This repository contains the code and dataset used in this article:
Detecting Non-literal Translations by Fine-tuning Cross-lingual Pre-trained Language Models, which is published in COLING2020.
XLM original code: https://github.com/facebookresearch/XLM
Scripts adapted by me in this project:
1)Classify human-vs-machine translation
xlm-code/XLM-master/hmt-HMTcorpus-preprocess.sh
xlm-code/XLM-master/run_ft_hmt.sh
xlm-code/XLM-master/finetune-hmt.py
xlm-code/XLM-master/src/evaluation/hmt.py
2)Detect phrase-level non-literal translation
xlm-code/annotated-ted-talks/corpus/phrase-level-pipeline.sh
xlm-code/annotated-ted-talks/corpus/trace_index_after_bpe.py
(adjust source and target phrase alignment token indices to BPE-ized token indices)
xlm-code/XLM-master/src/evaluation/nltClassifer.py
(according to these subword indices, get source and target segment XLM representations by a max-pooling of their embeddings, do feature engineering as in Arase et al. and modify the forward function)

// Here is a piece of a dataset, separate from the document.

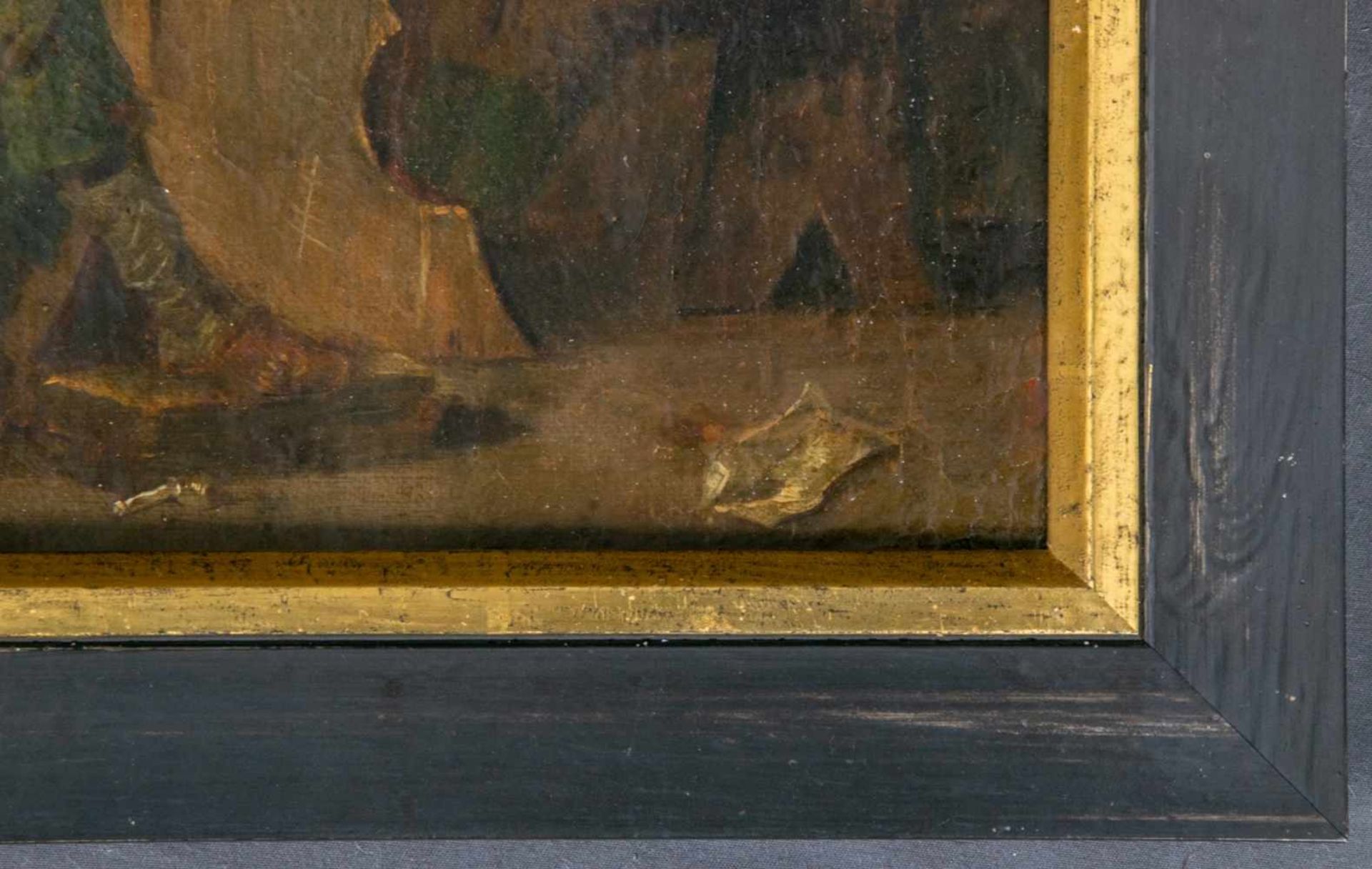 "In der Taverne". Gemälde Niederlande 18. Jhd., Öl auf Leinwand, ca. 35 x 26 cm, unsigniert, - Bild 4 aus 13
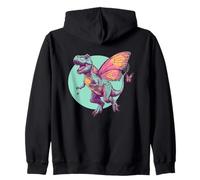 Funny Dinosaur T-Rex with Butterfly Wings Whimsical Art Zip Hoodie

xlm-code/XLM-master/src/evaluation/phraseTT.py
(construct dataset + labels by batch, to run the fine-tuning: before, each sentence pair corresponds to one label; now, each pair contains many phrase pairs, each corresponding to one label)
xlm-code/annotated-ted-talks/corpus/balance_input_data.py
(resolve the imbalanced dataset problem: create balanced dev+test set)
xlm-code/annotated-ted-talks/corpus/vary_trainData_proportion.py
(Vary the Literal versus Non-Literal proportion in training data)